Valorisation des terres

En raison de sa proximité et surtout de son potentiel agricole, le Soudan fera office de laboratoire de cette nouvelle tendance. Khartoum aurait cédé à différents investisseurs quelque 880 000 hectares de terres arables pour 670 millions d’euros, selon le Financial Times. Parmi les acquéreurs, le Qatar à la recherche de terres pour nourrir du bétail, l’Arabie saoudite et l’émirat d’Abu Dhabi intéressés par les perspectives de réduction de leur dépendance alimentaire. Le Koweït a déjà trouvé des terres à louer au Cambodge. En dehors de ces pays du Golfe, la Chine, grande puissance agricole, présente en Afrique depuis les années 60, tente de garder l’œil sur ces terres agricoles pour nourrir une population qui atteindra bientôt 1,5 milliard d’habitants. Pékin négocie avec le Soudan et le Cameroun.

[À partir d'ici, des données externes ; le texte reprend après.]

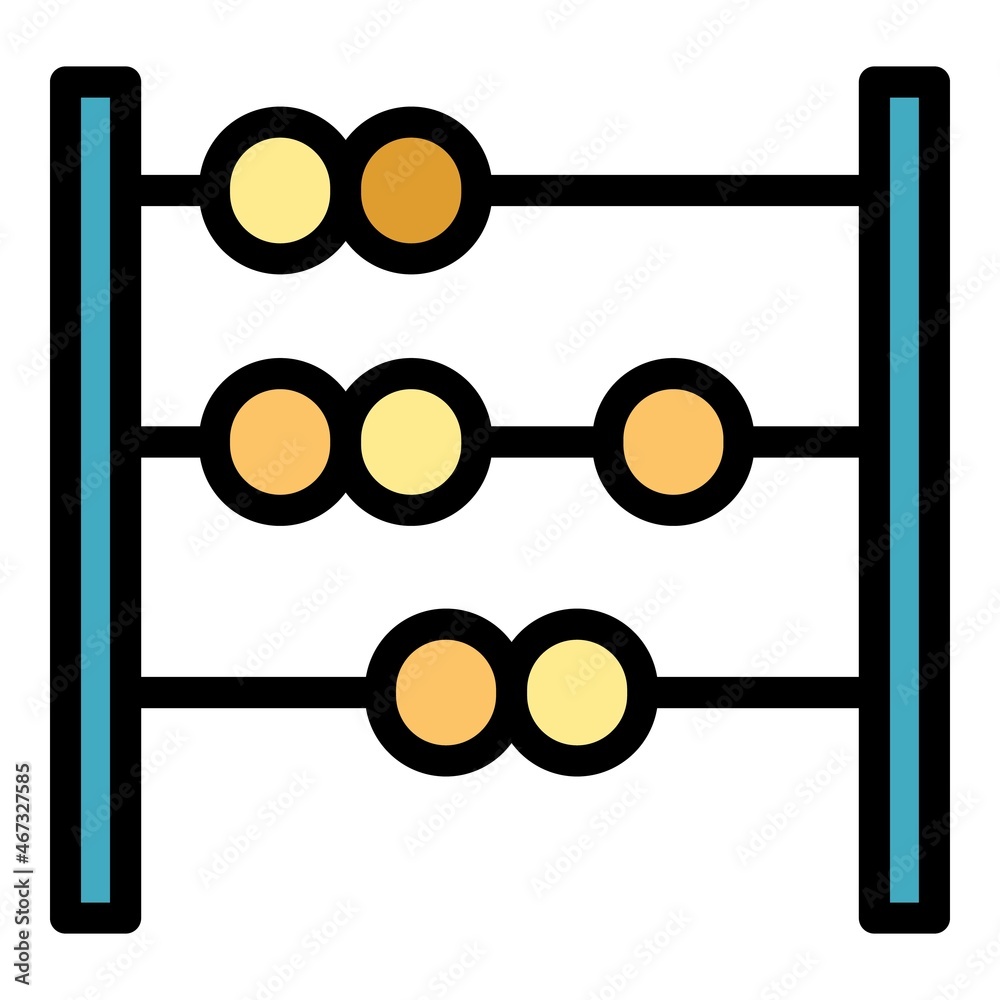 Beads abacus icon. Outline beads abacus vector icon color flat isolated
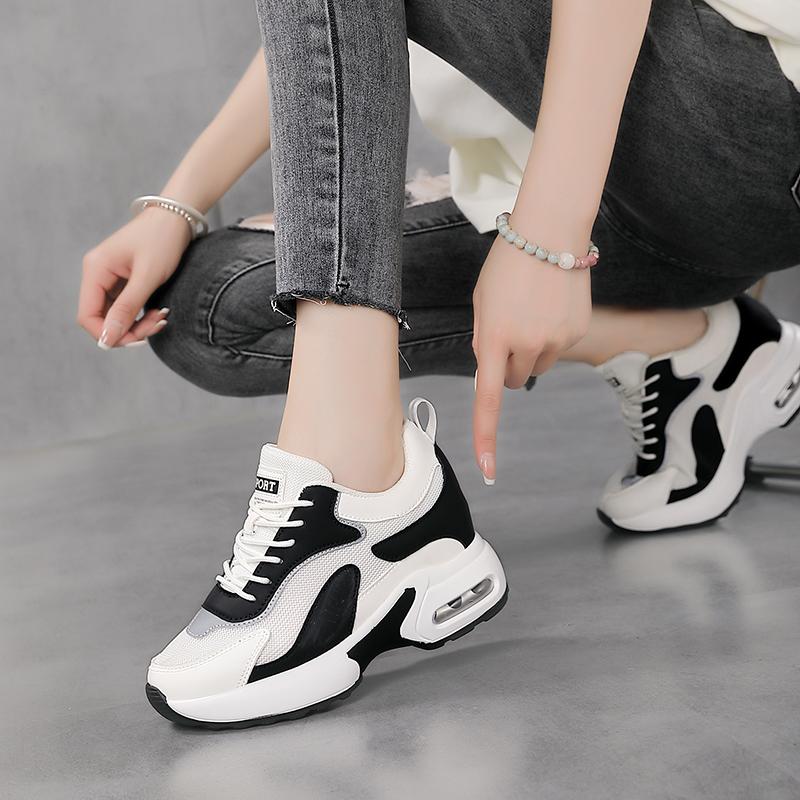 Women's Wedge Heel Platform Sneakers Platform Air Cushion Casual Inner Heightening Mesh Breathable White Sports Walking Shoes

Evidemment, cette tendance n’échappe pas aux multinationales comme Nestlé (qui investit massivement dans des terres agricoles en Asie), qui devront réinvestir l’amont agricole pour sécuriser leurs approvisionnements.

C’est dire que tous les ingrédients sont réunis pour une meilleure valorisation des terres agricoles africaines. Reste cette équation permanente en Afrique de l’Ouest, où les terres agricoles sont souvent régies par le droit coutumier traditionnel qui ne reconnaît pas l’acte de vente. La greffe promue avec la finance ne se fera pas sans obstacles. Au vu des programmes gouvernementaux entrepris au Sénégal, au Burkina Faso et au Mali, l’option qui se profile semble être surtout celle de financer une agriculture vivrière en plaçant les autochtones au centre du dispositif. Une approche qui rencontre facilement ses limites dans la rareté des financements qui restent dévolus aux méga-projets. Lors de la réunion du caucus africain à Nouakchott, début août, Dominique Strauss Khan avait rappelé aux gouverneurs des banques centrales africaines la nécessité de faire respecteraux nouveaux partenaires des « minimas de transparence » et des « conditionnalités » liées à l’emprunt, afin que leurs financements correspondent « aux besoins réels de l’Afrique ».

« Le problème, c’est que la Chine ou les pays du Golfe ont tendance à prêter à des taux d’intérêt plus difficiles pour les pays africains quele FMI ou la Banque mondiale. Nous sommes donc là pour les conseiller et pour leur dire de se méfier de ce miroir aux alouettes ! » Là où toutes les réformes agraires ont échoué, la pression financière parviendra-t-elle à adapter ce droit séculaire ?

L’Afrique australe : un grenier politisé

Contrairement à l’Afrique de l’Ouest, le droit coutumier a été presque entièrement démantelé en Afrique australe où les fermiers blancs avaient fait du Zimbabwe le grenier de l’Afrique. Un statut perdu depuis à cause du caractère même de la répartition des terres selon un mode hérité de l’apartheid et accordant à la minorité blanche la quasi-totalité des terres arables. Les nécessaires réformes agraires dans cette région pourraient s’envisager par une nouvelle répartition des terres agricoles au niveau transnational, comme ces agriculteurs du Zimbabwe qui sont déplacés avec succès au Mozambique.